The scroll bar adjusts the start position with the usual semantics
for scroll bars. The line down and line up arrows increment and
decrement the start position by the current line width. Clicking
below or above the scroll box moves a full screen forward or
back in the genome, and dragging the scroll box adjusts the
start position to the corresponding position in the genome. As you
drag the scroll box, the Start field will show the nucleotide
number corresponding to the current position of the box. The
screen is not repainted until you release the scroll box; this avoids
jerky response due to the time required to repaint
the screen, particularly when data must be obtained from a remote
Web site.
Bits per Base and Variant
These fields determine how sequences of nucleotides are decoded
into the binary sequence which is, in turn, displayed in the image
panel.

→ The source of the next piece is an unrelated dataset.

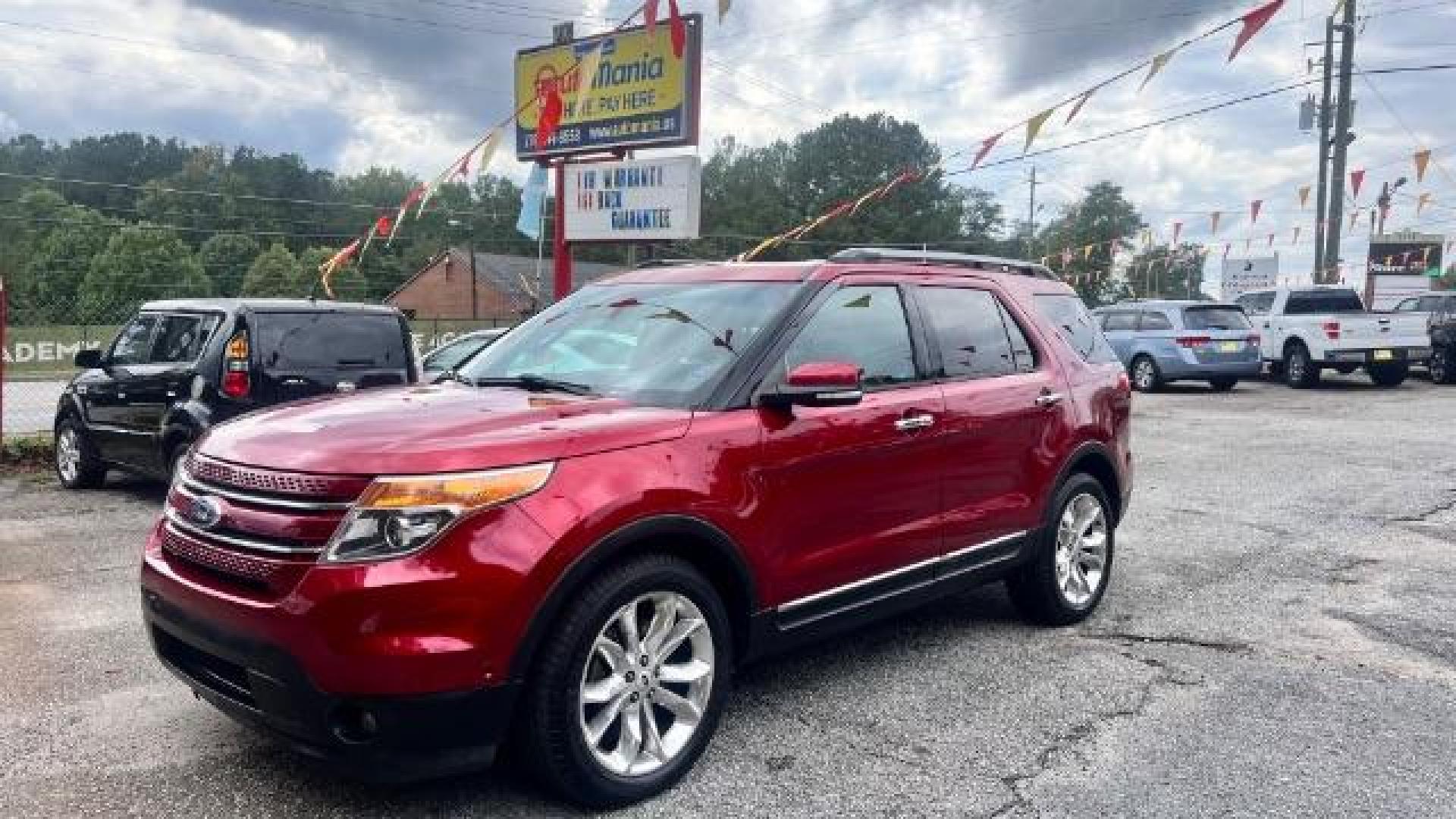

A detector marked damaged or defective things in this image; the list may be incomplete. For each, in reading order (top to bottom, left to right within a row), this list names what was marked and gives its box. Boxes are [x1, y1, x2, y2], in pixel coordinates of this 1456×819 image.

cracked pavement [2, 372, 1456, 810]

The nomenclature used in these fields is as given
in the document Storing Data in DNA.
"Bits/base" determines how many bits are encoded by each nucleotide
(base pair) in the genome, and may be set to 1 or 2. "Variant"

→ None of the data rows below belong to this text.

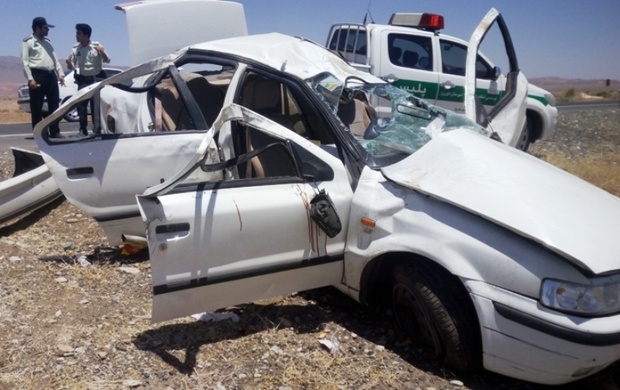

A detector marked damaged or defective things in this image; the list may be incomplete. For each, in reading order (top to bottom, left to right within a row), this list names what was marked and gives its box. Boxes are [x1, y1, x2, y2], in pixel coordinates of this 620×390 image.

shattered windshield [306, 73, 490, 166]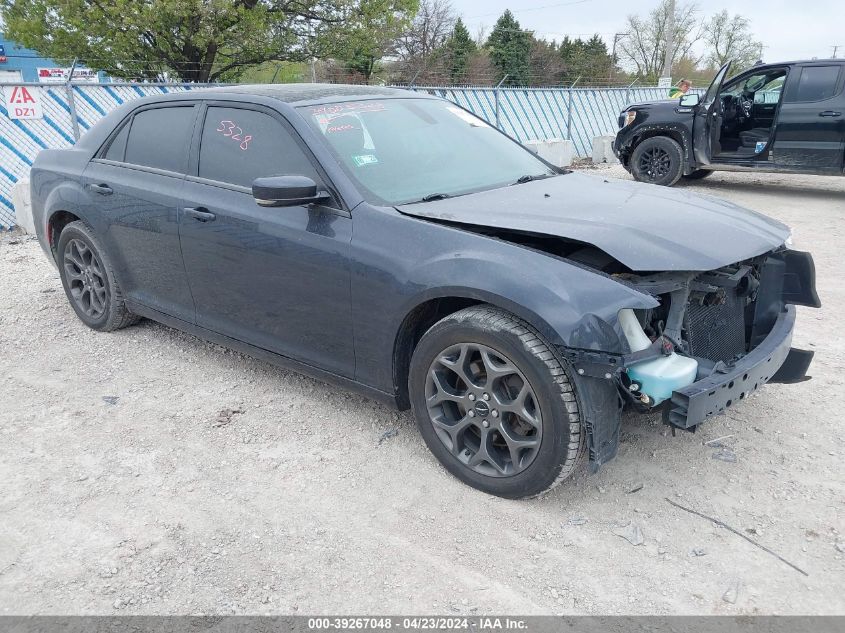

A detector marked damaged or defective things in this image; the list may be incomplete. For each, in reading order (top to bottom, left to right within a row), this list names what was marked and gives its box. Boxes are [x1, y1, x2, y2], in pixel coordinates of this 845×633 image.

damaged chrysler 300 [31, 85, 816, 498]
missing front bumper [664, 306, 808, 430]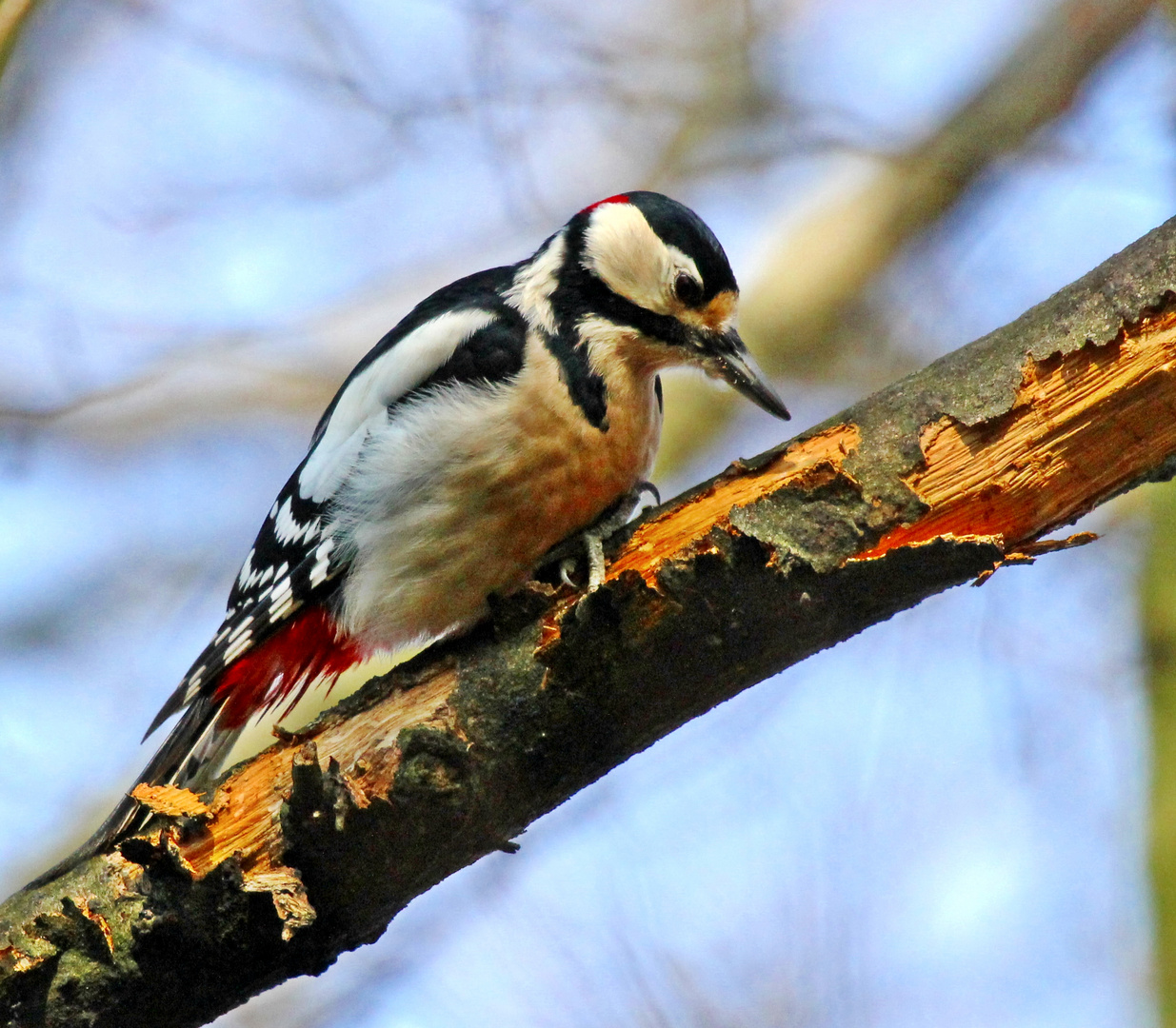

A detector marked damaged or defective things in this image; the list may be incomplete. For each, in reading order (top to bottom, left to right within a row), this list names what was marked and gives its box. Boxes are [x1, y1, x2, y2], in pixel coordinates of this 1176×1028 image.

splintered wood [861, 307, 1176, 557]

chooses which among the possible encodings of one or two bits
per nucleotide should be used. Detailed tables of how
one bit per base
and
two bit per base
encodings transform nucleotide sequences into streams of
binary data are given in the aforementioned document.
Width
A two-dimensional pattern is generally comprehensible only when
viewed with the same line length as used to encode it. The
Width box (into which a value can be entered) and the associated
buttons which increment and decrement the value in the Width
field.
Please see
Hide and Seek: An Image in the Genome
for an example of how adjusting the width can reveal a message
difficult to discern until the correct width is discovered.
Zoom Factor
Modern computer graphics displays have such high resolution that
individual pixels are difficult to distinguish. Setting the Zoom factor greater
than 1 expands each pixel into a box with edge size equal to the zoom
factor. If the product of the zoom factor and line width exceeds
the width of the window in pixels, the image will be truncated at the
right--resize the browser window until you see the blue margin which
indicates you're seeing the entire width of each line. If your screen
isn't wide enough to show an entire line, reduce the zoom factor
until it does.
Update and Quit Buttons
Pressing Enter in any of the text entry fields causes an immediate update
of the image display panel. Depending on the speed of your computer and
whether the data requested must be obtained across the Internet from
a distant site, this may take some time. If you wish to change a number
of parameters at once, you can avoid waiting for intermediate updates
by not pressing Enter after entering each value and, instead,
pressing Enter only on the last value, or pressing the
Update button after entering the last.
The Quit button exits the genome browser. If you started the
browser from a Web page, you can open a new browser by pressing
the "Launch Browser" button. The standalone browser application
will exit to the command line; to restart it, use the same command
you used to invoke it in the first place.